Segment Open
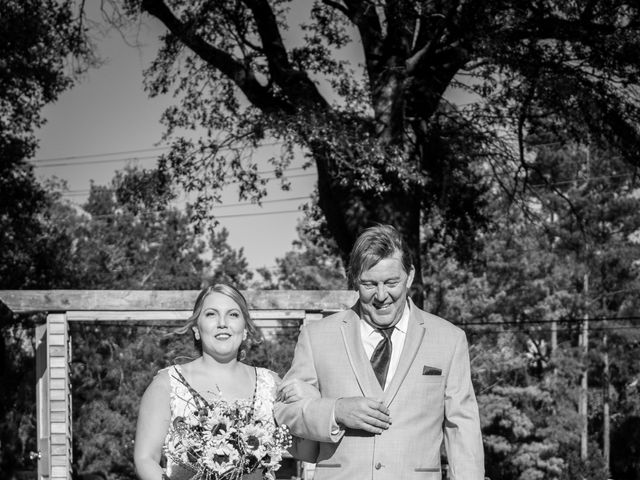 Thompson and Jonna&apos;s Wedding in Wilmington, North Carolina 15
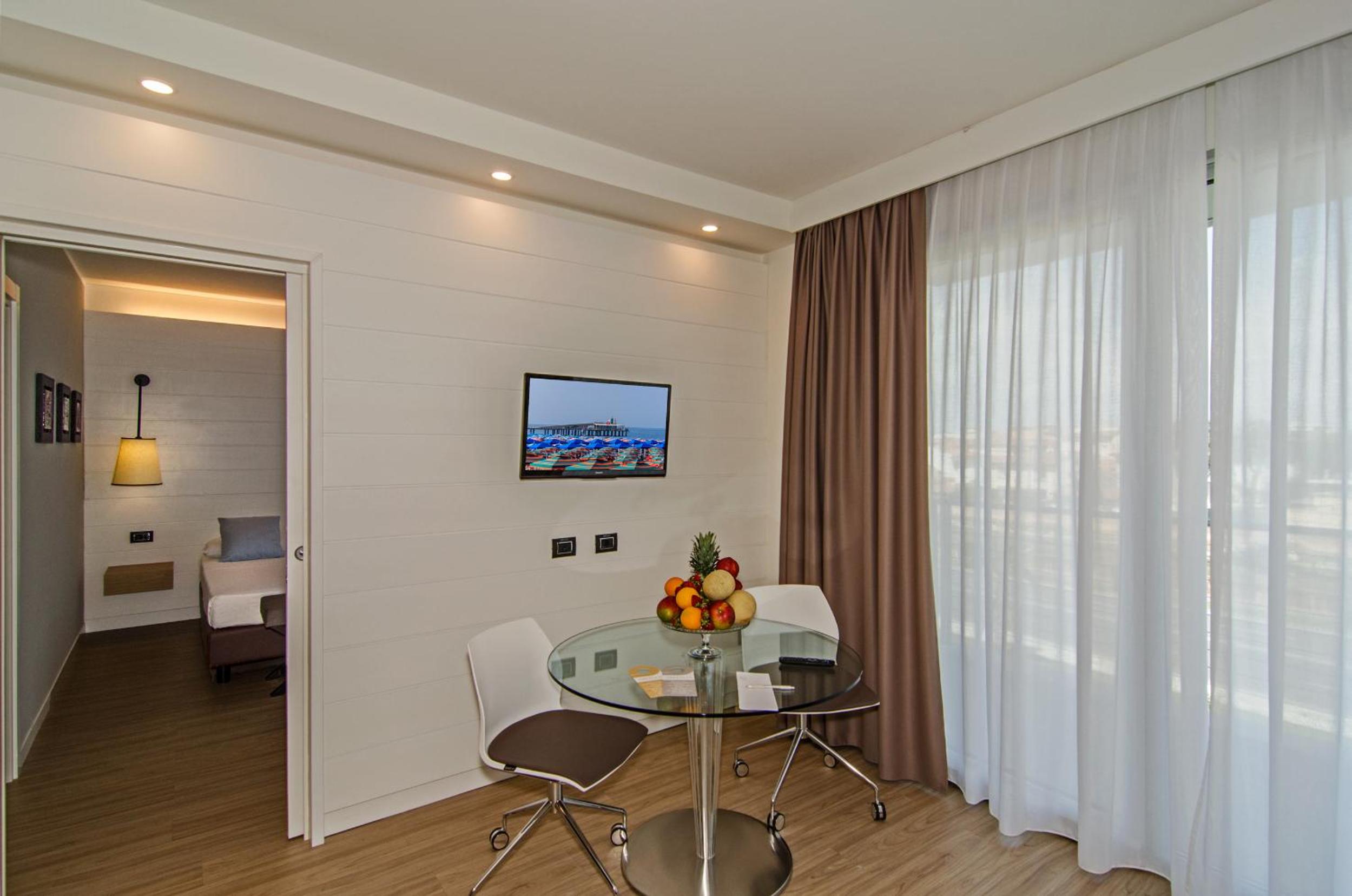 Suite with Balcony photo 3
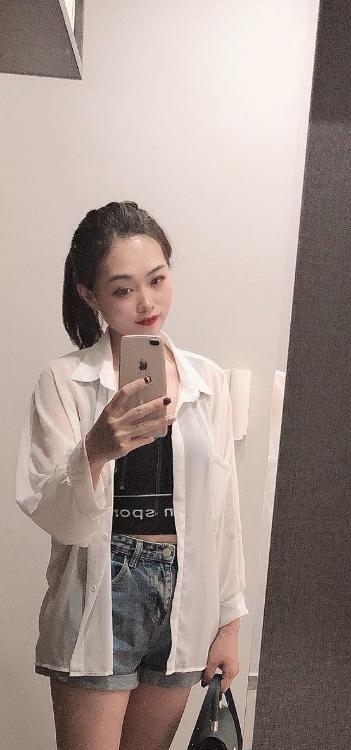 甜美型小美女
Segment Closed
All of the data above should be quoted exactly, except for the pictures.

• **Solved exercise**
 Thompson and Jonna&apos;s Wedding in Wilmington, North Carolina 15
 Suite with Balcony photo 3
 甜美型小美女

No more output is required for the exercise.